**EXERCISE BRIEF**
Below are the records; repeat exactly their lines between the line holding "超特大アクティオンゾウカブト標本 124mm 超特大アクティオン" and the line holding "Terriccio Agrumi 20L", inclusive, skipping the pictures.

**PROVIDED MATERIAL**
"""
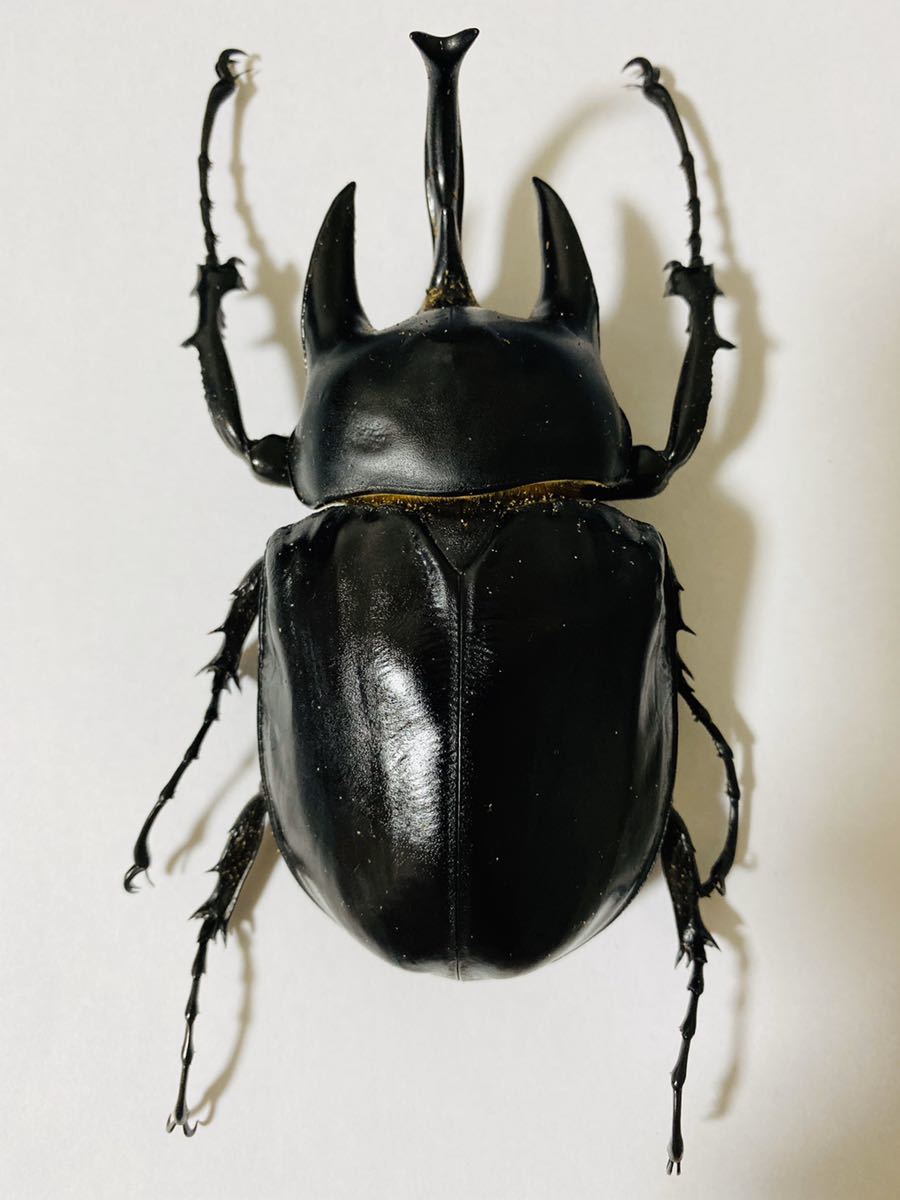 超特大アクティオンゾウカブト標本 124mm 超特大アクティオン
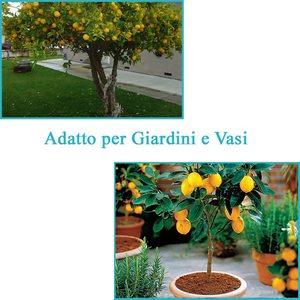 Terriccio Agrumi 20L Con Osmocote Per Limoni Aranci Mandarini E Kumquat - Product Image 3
"""
"""
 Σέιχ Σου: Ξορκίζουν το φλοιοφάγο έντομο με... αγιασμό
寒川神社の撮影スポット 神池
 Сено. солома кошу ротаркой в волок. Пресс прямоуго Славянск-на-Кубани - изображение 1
"""
"""
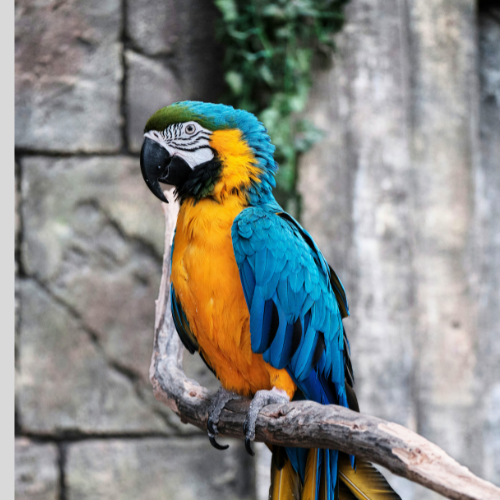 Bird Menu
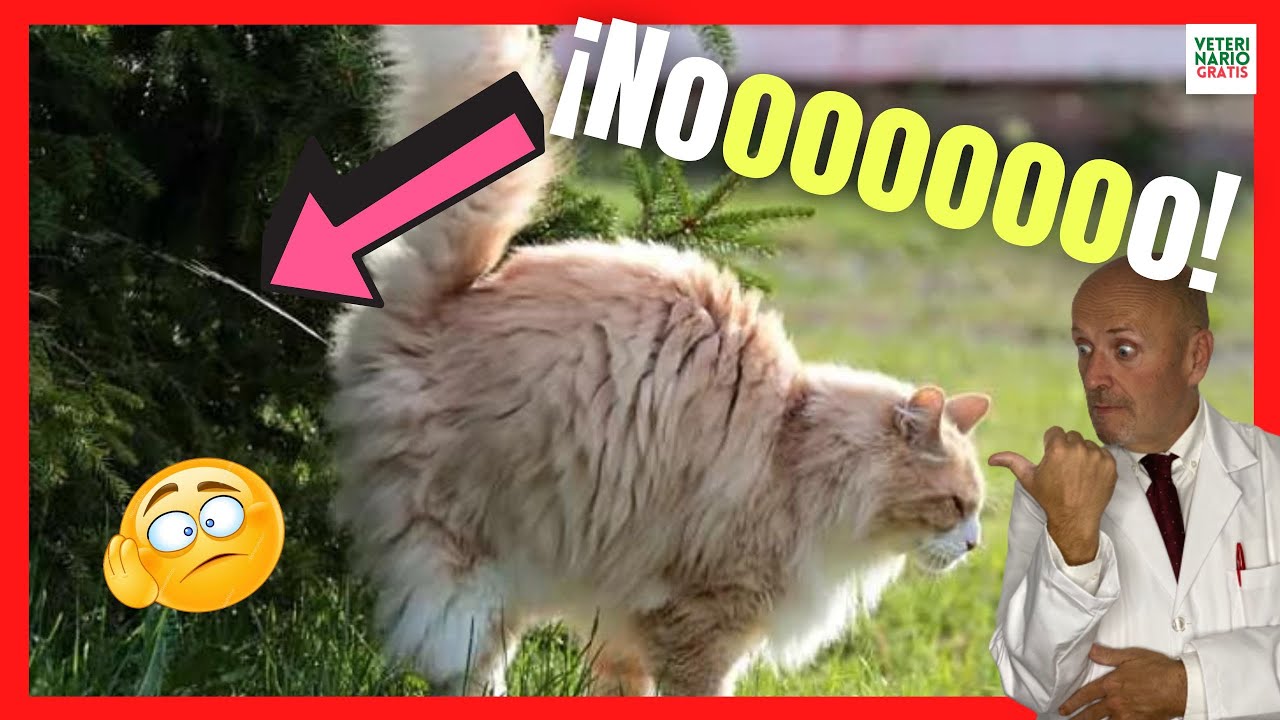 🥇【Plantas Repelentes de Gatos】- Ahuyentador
"""
**ANSWER FOR THE TASK**
 超特大アクティオンゾウカブト標本 124mm 超特大アクティオン
 Terriccio Agrumi 20L Con Osmocote Per Limoni Aranci Mandarini E Kumquat - Product Image 3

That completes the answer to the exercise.